WORK REQUIRED ▸ In the copy you make of the entries, no picture should appear, and every word must match.
┌─ PROVIDED DATA
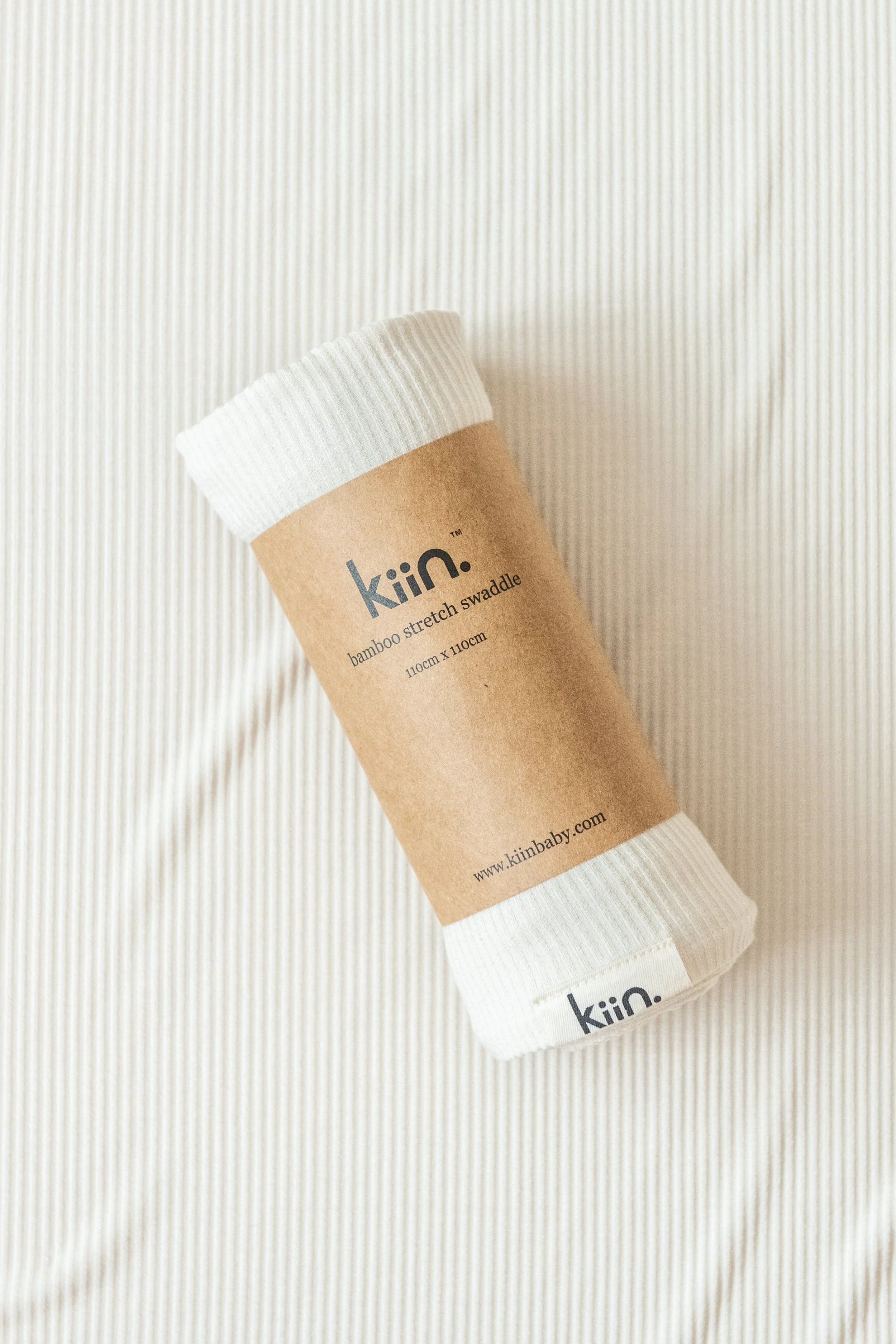 BAMBOO STRETCH SWADDLE - IVORY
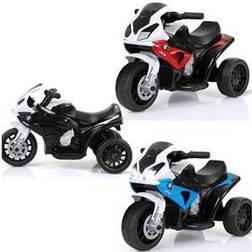 Gymax Kids Ride On Motorcycle Bmw Licensed 6V Electric 3 Wheels Bicycle W/ Musicandlight Black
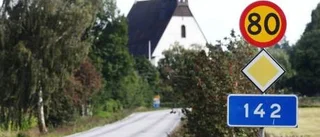 Föraren klarade sig mirakulöst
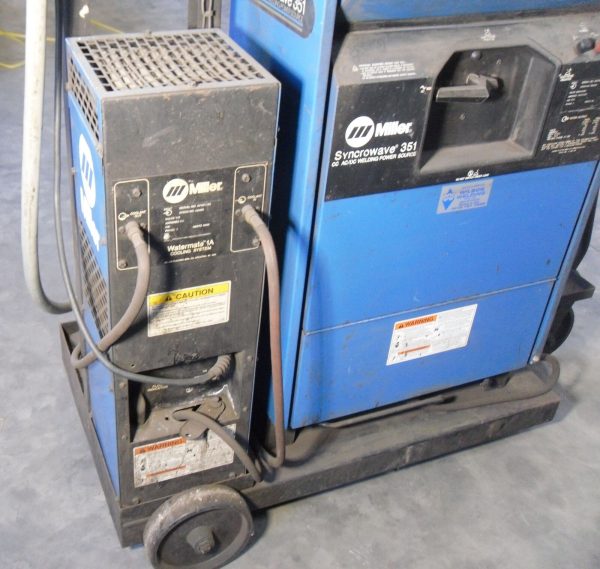 MILLER SYNCROWAVE 351 903219 CC AC/DC WELDING POWER SOURCE W/ 1A COOLING SYSTEM - Image 5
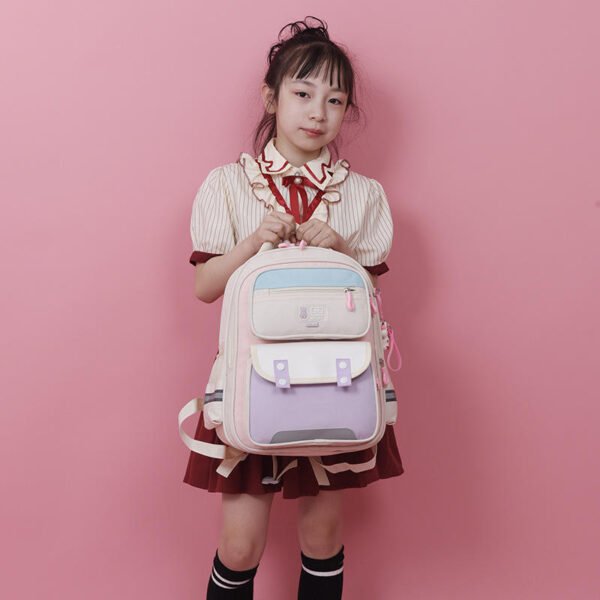Large Capacity Backpack for Kid Light Waterproof Children School Bags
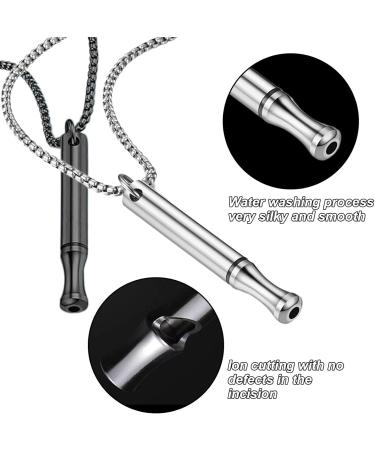 BFUZXY 2 pieces smokefree V2 necklace original breathing chain anxiety breathing chain with resistance against smoke withdrawal - Buy Online on GoSupps.com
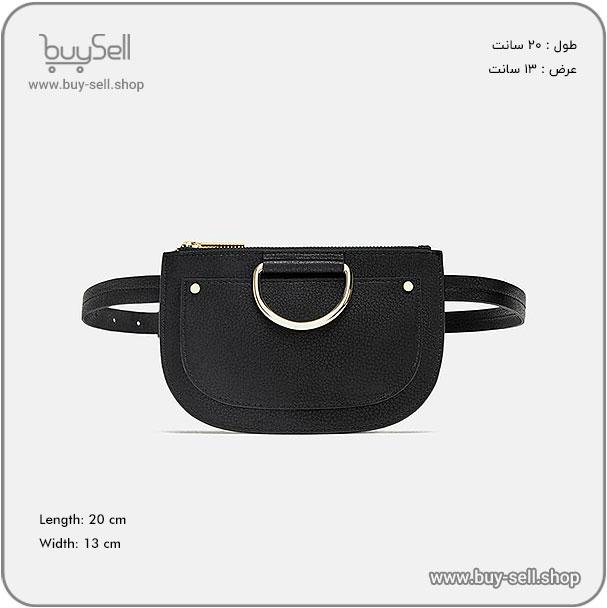 laser cutting pattern for leather waist bag zhaleh model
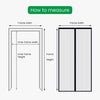 Magnetic Mosquito Nets for Doors Diamond Mesh Door Curtain Automatic Closing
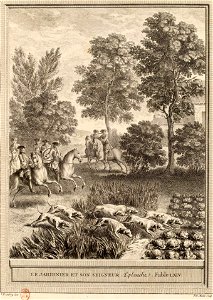 Moitte-Oudry-La Fontaine - Le jardinier et son seigneur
└─
SOLUTION FOR THIS TASK ▸
 BAMBOO STRETCH SWADDLE - IVORY
 Gymax Kids Ride On Motorcycle Bmw Licensed 6V Electric 3 Wheels Bicycle W/ Musicandlight Black
 Föraren klarade sig mirakulöst
 MILLER SYNCROWAVE 351 903219 CC AC/DC WELDING POWER SOURCE W/ 1A COOLING SYSTEM - Image 5
Large Capacity Backpack for Kid Light Waterproof Children School Bags
 BFUZXY 2 pieces smokefree V2 necklace original breathing chain anxiety breathing chain with resistance against smoke withdrawal - Buy Online on GoSupps.com
 laser cutting pattern for leather waist bag zhaleh model
 Magnetic Mosquito Nets for Doors Diamond Mesh Door Curtain Automatic Closing
 Moitte-Oudry-La Fontaine - Le jardinier et son seigneur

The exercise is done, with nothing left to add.